Here now is a little bit about the Cappadocian Father Basil the Great, in Roger E. Olson’s book, “The Story of Christian Theology” (InterVarsity Press 1999)
“Finally, Basil turned to Christian experience of salvation and argued against the subordinationists of the Spirit that since the Holy Spirit effects our salvation, he cannot be anything but God. Only God can save… In all things, then, the Holy Spirit is incapable of being parted from the Father and the Son. It is the Spirit who applies God’s salvation to our lives… Of course, Basil was more than willing to allow a certain kind of subordination of the Spirit to the Father as the Father is the eternal fount of all divinity from whom the Son is generated and the Spirit proceeds. The analogy is to the sun and its light and warmth. The latter originate in and from the former without being inferior or ‘after’ it. So the Son of God and the Spirit of God are God’s eternal counterparts sharing in his very being and glory while being subordinate in position but not in being to God the Father… In ‘On The Holy Spirit’ [Basil] declared theological war on those who would in any way deny the Spirit: “But we will not slacken in our defence of the truth. We will not cowardly abandon the cause. The Lord has delivered to us as a necessary and saving doctrine that the Holy Spirit is to be ranked with the Father” (Basil ‘De Spiritu Sancto’, 10.25) “Why (Olson continues) “was the deity of the Holy Spirit so important to Basil? … Basil would cry that to deny the Spirit’s deity is to place a question mark beside the deity of the Father and the Son. In Scripture as in worship as in personal Christian experience, the Holy Spirit is always associated with them as sharing equal honor and dignity, and equal honor and dignity imply equal nature. One cannot be ontologically subordinated to the others without that impinging on the honor and dignity and glory of all the persons of the Godhead.”

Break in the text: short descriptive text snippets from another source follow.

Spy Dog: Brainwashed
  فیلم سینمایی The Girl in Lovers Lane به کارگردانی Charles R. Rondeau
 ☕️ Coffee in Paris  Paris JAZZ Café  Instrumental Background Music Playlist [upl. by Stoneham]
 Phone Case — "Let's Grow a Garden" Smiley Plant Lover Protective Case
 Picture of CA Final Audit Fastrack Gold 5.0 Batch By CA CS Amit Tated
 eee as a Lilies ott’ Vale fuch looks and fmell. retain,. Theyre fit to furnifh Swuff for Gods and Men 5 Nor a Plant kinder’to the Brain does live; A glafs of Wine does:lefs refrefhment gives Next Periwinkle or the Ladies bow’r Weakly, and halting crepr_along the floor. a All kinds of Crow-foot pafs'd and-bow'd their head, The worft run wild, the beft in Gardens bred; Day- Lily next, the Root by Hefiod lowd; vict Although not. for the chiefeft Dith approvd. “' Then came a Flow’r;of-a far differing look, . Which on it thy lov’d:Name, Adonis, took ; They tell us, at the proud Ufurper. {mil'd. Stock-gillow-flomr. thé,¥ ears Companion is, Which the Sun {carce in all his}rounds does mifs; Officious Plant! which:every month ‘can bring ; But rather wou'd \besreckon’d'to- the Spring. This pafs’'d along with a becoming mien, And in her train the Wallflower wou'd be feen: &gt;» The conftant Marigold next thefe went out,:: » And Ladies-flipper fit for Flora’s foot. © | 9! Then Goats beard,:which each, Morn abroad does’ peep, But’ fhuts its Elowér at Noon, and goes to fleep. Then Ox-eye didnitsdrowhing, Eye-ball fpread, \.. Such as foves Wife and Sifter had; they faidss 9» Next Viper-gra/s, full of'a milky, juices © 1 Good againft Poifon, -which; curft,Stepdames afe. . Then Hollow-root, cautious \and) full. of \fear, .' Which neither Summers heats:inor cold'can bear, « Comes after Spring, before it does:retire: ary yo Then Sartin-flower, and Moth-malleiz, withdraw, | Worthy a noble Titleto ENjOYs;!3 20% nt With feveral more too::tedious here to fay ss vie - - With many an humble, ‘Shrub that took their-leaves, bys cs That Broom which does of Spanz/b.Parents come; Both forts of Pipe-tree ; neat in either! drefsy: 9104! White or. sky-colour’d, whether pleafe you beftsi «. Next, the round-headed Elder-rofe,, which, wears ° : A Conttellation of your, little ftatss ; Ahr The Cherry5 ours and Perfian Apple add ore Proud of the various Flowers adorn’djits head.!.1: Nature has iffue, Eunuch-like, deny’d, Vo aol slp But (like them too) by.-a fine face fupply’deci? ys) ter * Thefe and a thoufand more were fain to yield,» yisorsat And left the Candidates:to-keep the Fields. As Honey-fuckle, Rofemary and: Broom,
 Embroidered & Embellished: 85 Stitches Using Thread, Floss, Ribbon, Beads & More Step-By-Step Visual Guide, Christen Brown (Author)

To say that the Holy Spirit is God, yet to decline to worship the Holy Spirit, is to make a mockery of the full deity of the Holy Spirit. It amounts to mere verbal declarations of honour, that are without any substance. I would say that Reformed literature is replete with evidence that the Holy Spirit is to be worshipped, prayed to, and addressed with all due reverence as to the Father and as to the Son. I have given but two recent examples of such Reformed literature (one of which harks back to the view of the Cappadocian Father, Basil.) I hope this indicates that the Reformed house church you allude to is on very shaky theological ground indeed, if it wishes to retain its ‘Reformed’ status.